Cyclodextrins as multitask agents in nanocatalysis

Abstract

The efficiency of colloidal metallic particles in catalysis is closely related to their stability in the course of reaction. The choice of the capping agent is therefore critical as it controls both the size and shape of the particles, but also the dispersion of the metal core, while providing long-term stability. Among the wide variety of protective agents, cyclodextrins (cyclic oligosaccharides formed of glucopyranose units) have proven to be effective for synthesizing metallic nanoparticles by bottom-up chemical processes. The first examples in the literature emphasize the use of native cyclodextrins as metal nanoparticles (NPs) stabilizers but major improvements concerning the stability and catalytic activity of NPs either in the form of colloidal suspensions or immobilized onto supports were done by using chemically modified cyclodextrins.
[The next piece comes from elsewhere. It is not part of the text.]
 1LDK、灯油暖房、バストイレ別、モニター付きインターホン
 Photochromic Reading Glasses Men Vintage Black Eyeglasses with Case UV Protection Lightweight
Indeed, appropriate functionalizations can lead to beneficial effects in the cyclodextrin affinity toward metal species and mass transfer of the substrate during the catalytic processes. It clearly appears that cyclodextrins can act as multitask agents from the formation (growth and nucleation process) of metal nanoparticles to the catalytic activity enhancement via specific interactions with the substrate. They can also be used to form supramolecular adducts with inorganic metal salts leading to heterogeneous catalysts with a homogeneous particles dispersion onto the support.